→ **Description of the task**:
Without the images, reproduce each line of the material exactly.

→ **Available data**:
#####

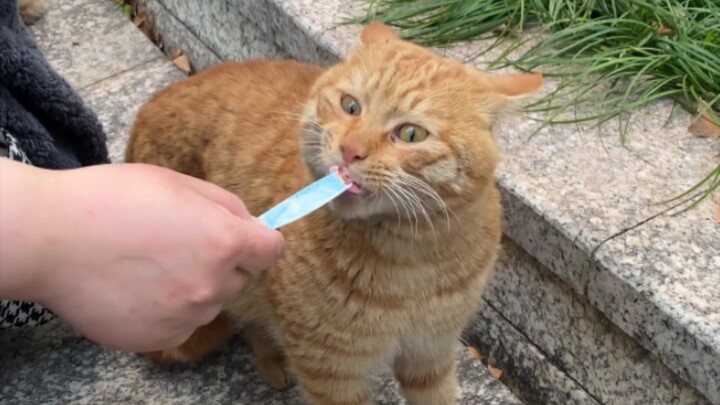 Hei, memelihara kucing seperti ini benar-benar memberikan nilai emosional yang luar biasa!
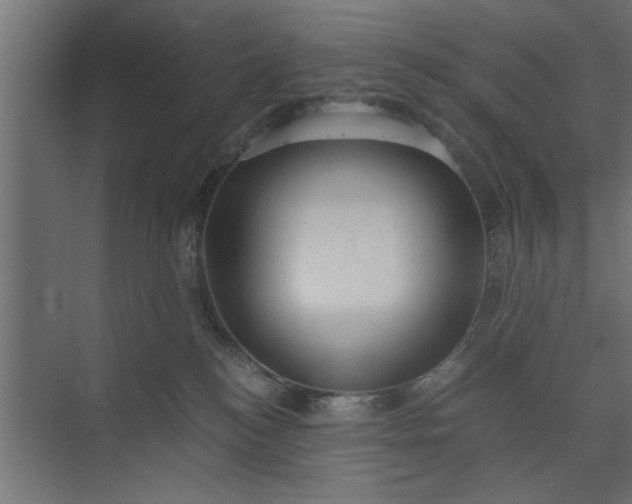 X0000073920184200608251559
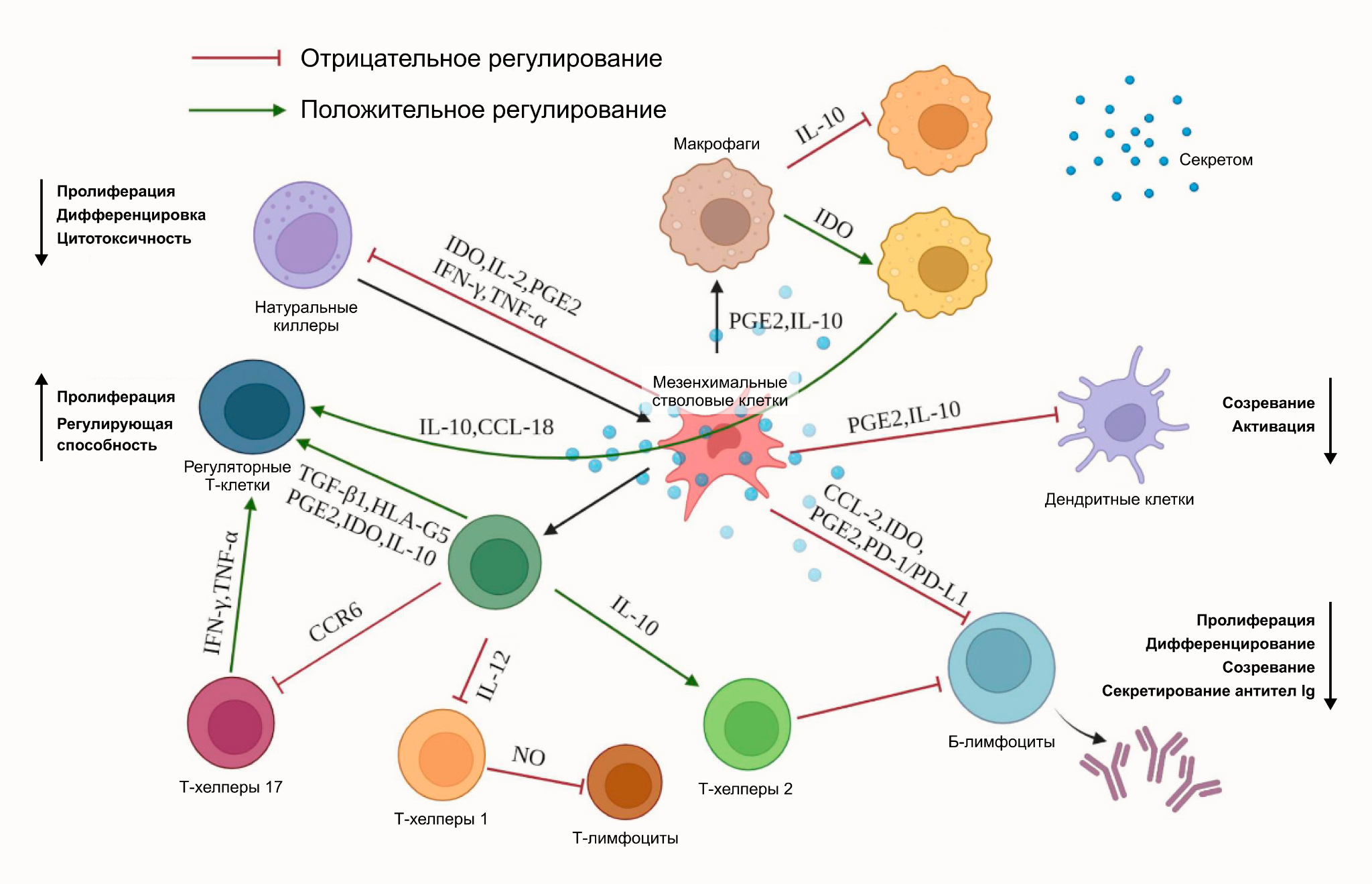 Влияние опосредованной мезенхимальными стволовыми клетками иммуномодуляции на иммунные клетки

#####

→ **Response to this exercise**:
 Hei, memelihara kucing seperti ini benar-benar memberikan nilai emosional yang luar biasa!
 X0000073920184200608251559
 Влияние опосредованной мезенхимальными стволовыми клетками иммуномодуляции на иммунные клетки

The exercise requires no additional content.